L’heure lui semblait si grave qu’à plusieurs reprises le Père Calmel se demanda si elle n’annonçait pas le temps de l’Antéchrist. Dans cette pensée, il suppliait sainte Thérèse de l’Enfant Jésus avec une ferveur toute spéciale : « Le peuple de Dieu est trompé, abusé, trahi par ses chefs. Ce n’est peut-être pas le temps de l’Antéchrist. C’en est la préfiguration. Or c’est dans un temps aussi terrible que vous auriez voulu vivre pour témoigner au Seigneur votre amour. Dans l’innombrable armée des saints et des saintes, vous êtes la seule qui ayez manifesté semblable désir. Vous êtes donc capable plus que d’autres de comprendre notre situation et de venir à notre secours. Veuillez nous enseigner comment devenir des saints alors que les précurseurs de l’Antéchrist gouvernent, dominent la cité et enchaîne l’Eglise » (p. 510).

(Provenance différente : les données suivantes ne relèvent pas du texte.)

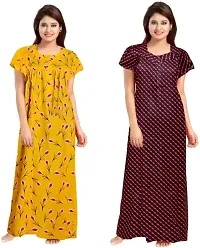 Elegant Multicoloured Cotton Printed Nighty For Women Pack Of 2-thumb1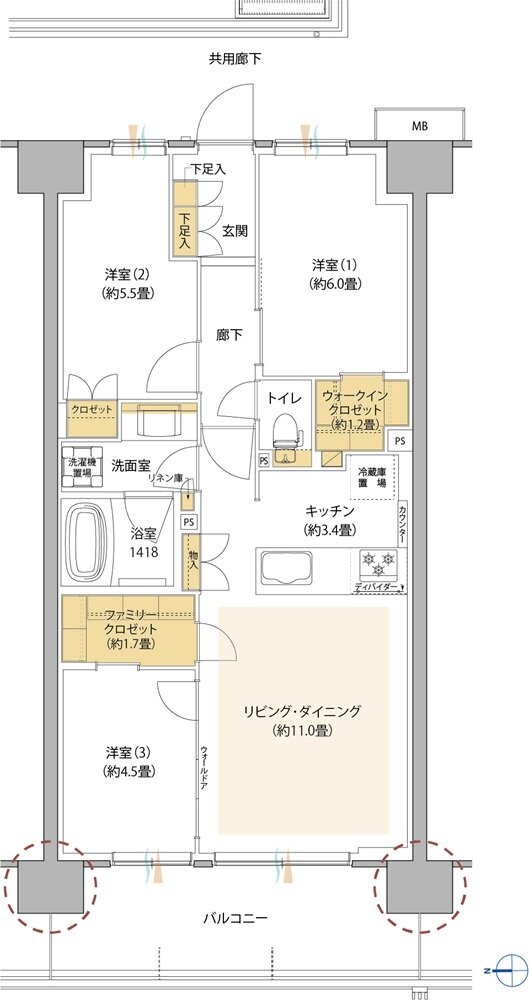 サンリヤン流山パークナード 間取り B3 タイプ（AIRY FORT）
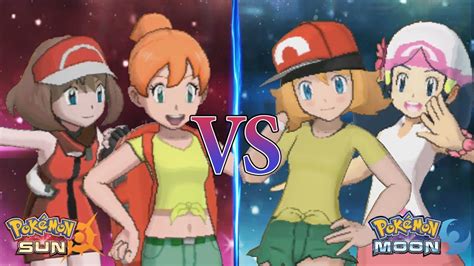 Pokemon Sun And Moon Misty And May Vs Dawn And Serena Pokegirls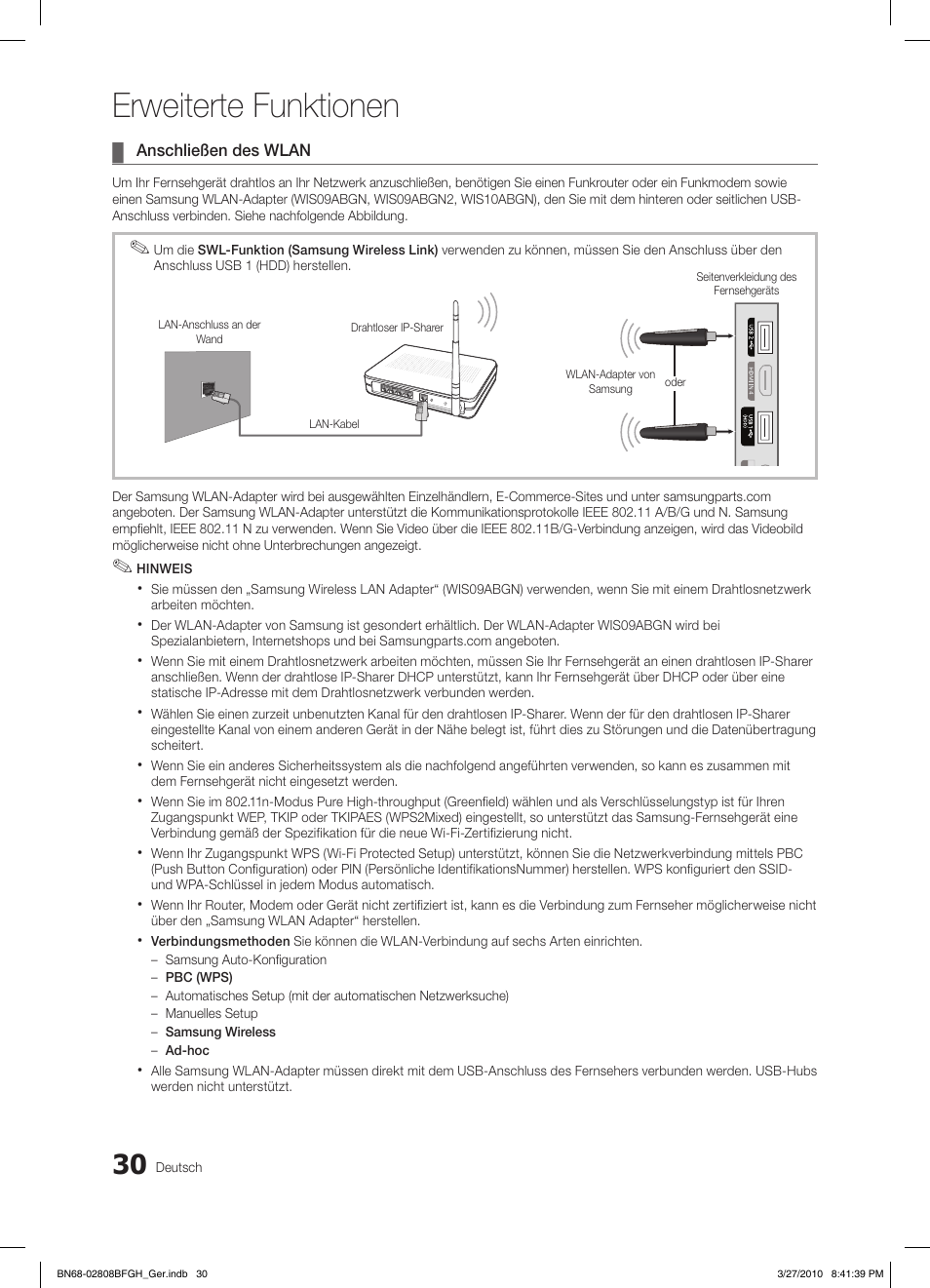 Erweiterte funktionen | Samsung LE40C750R2W User Manual | Page 152 / 245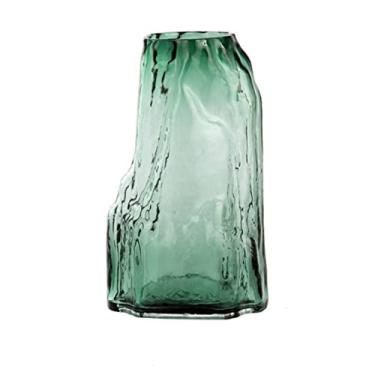 Imagem de Vaso Luz de luxo minimalista vaso vidro irregular transparente hidroponia flor vaso sala estar arranjo desktop decoração para casa Vaso de flores(Grande)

Sans se leurrer donc, mais sans dramatiser, il annonçait les conséquences terribles des premières réformes issues du Concile et de la révolution liturgique, il prévoyait l’accélération de la décomposition du clergé et de toute la société, ne craignant pas d’écrire dans Itinéraires en 1963 : « L’heure sonnera des châtiments divins sur les nations encore libres. L’égoïsme, la lâcheté, l’endurcissement des âmes, leur habitude de croupir à l’aise et en repos dans les péchés mortels de toute espèce, en un mot la dégradation des mœurs privées et publiques sera devenue si abjecte aux yeux des hommes et si offensante pour Dieu, l’héroïsme chrétien sera tellement raréfié, que le faible rempart des quelques institutions honnêtes qui subsistent encore ne parviendra plus à tenir », (p. 285). Paroles, hélas ! prophétiques auxquelles le Père Jean-Dominique reconnaît des accents dignes d’un saint Vincent Ferrier ou d’un Savonarole !
4. Une clairvoyance paisible
Pour autant les paroles alarmantes et, hélas ! prophétiques ne doivent pas nous laisser croire que le Père Calmel succomba jamais au désespoir : ses analyses sont lucides et son style sans détour, mais sans ombre de fatalisme ou de défaitisme. Ses lettres disent et redisent son désir de continuer une lutte qui pouvait paraître dérisoire et vaine, mais qui « n’est pas un combat de désespéré.
C’est le combat d’un prêtre qui voit que le Seigneur lui demande cette fidélité dans la nuit » (p. 345). Avec courage, réalisme, humilité, il fait tout ce qui lui est possible de faire pour soutenir les prêtres et les fidèles : « Le lendemain de l’Ascension (1966), je dois rencontrer des curés qui veulent tenir. Ce qui est certain, c’est que Jésus ne cesse d’atteindre, soutenir, fortifier des âmes, dans ce chaos » (p. 350).
Et voilà où chercher la raison de cette vaillance qui « espère contre toute espérance » : une confiance sans limite en la toute puissante bonté de Dieu, la certitude que « l’épreuve nous est envoyée ou prolongée afin de nous permettre de donner plus d’amour ». Ce sermon adressé aux fidèles de Biarritz en 1960 a conservé toute son actualité.
« Mais pourquoi Seigneur […] permettez-vous ces jours de détresse, de scandale et d’apostasie ? » Questions angoissées qui ne sont encore pas les nôtres. Et à nous aussi le Père Calmel répond : « C’est afin que l’Eglise donne à son Epoux une réponse de parfait amour, afin qu’elle manifeste sa fidélité dans les périls et les difficultés les plus invraisemblables et qu’elle prouve par cela même avec quelle ferveur elle est attachée à son Epoux » (p. 268).
De telles affirmations ne pouvaient que résulter des dons de sagesse et d’intelligence, ceux-là mêmes qui font tout juger selon « les raisons ultimes » et « les principes éternels », pour reprendre les mots de Monseigneur Lefebvre, et qui confèrent à l’âme une clairvoyance lumineuse, vaste et profonde.